▸ Task details
Look through the entries for the string "from", and copy each line that holds it.

== Entries supplied

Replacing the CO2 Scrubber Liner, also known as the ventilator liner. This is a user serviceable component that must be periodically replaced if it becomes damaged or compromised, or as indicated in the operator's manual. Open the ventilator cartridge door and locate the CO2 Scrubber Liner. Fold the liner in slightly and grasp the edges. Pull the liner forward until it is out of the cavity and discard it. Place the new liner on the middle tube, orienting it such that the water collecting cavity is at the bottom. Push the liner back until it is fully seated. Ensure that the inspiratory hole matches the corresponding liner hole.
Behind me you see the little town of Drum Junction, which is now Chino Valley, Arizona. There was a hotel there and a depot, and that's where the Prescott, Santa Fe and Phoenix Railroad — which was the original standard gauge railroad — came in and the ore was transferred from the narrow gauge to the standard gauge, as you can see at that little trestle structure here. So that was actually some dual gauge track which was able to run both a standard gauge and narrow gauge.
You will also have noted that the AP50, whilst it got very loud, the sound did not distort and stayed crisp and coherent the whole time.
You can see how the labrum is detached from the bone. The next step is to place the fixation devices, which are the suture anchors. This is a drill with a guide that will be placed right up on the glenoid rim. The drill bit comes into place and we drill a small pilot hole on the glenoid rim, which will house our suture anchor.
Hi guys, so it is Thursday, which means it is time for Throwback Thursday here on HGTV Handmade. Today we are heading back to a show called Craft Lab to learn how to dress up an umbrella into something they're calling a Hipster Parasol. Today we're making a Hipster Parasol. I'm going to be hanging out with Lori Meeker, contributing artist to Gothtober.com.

====
== Entries supplied

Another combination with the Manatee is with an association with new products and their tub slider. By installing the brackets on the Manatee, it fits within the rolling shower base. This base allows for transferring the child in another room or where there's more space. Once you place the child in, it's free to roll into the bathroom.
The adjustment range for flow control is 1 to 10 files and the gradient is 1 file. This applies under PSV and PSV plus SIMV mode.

====
== Entries supplied

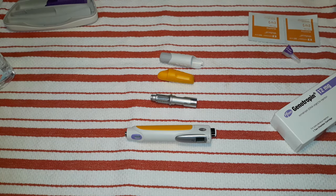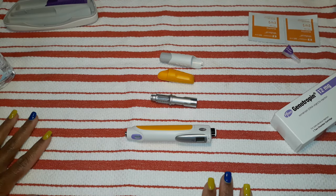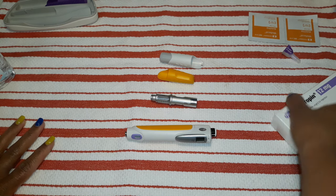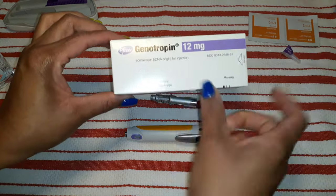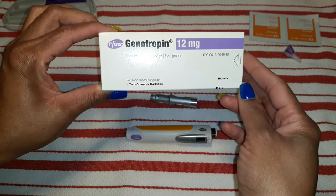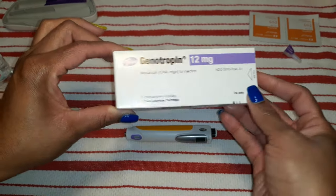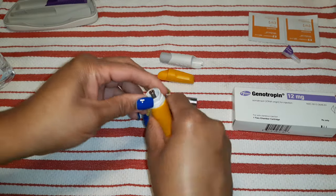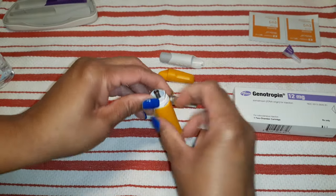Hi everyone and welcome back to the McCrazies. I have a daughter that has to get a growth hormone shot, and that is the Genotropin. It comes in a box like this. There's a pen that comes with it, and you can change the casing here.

====

▸ Finished exercise
Behind me you see the little town of Drum Junction, which is now Chino Valley, Arizona. There was a hotel there and a depot, and that's where the Prescott, Santa Fe and Phoenix Railroad — which was the original standard gauge railroad — came in and the ore was transferred from the narrow gauge to the standard gauge, as you can see at that little trestle structure here. So that was actually some dual gauge track which was able to run both a standard gauge and narrow gauge.
You can see how the labrum is detached from the bone. The next step is to place the fixation devices, which are the suture anchors. This is a drill with a guide that will be placed right up on the glenoid rim. The drill bit comes into place and we drill a small pilot hole on the glenoid rim, which will house our suture anchor.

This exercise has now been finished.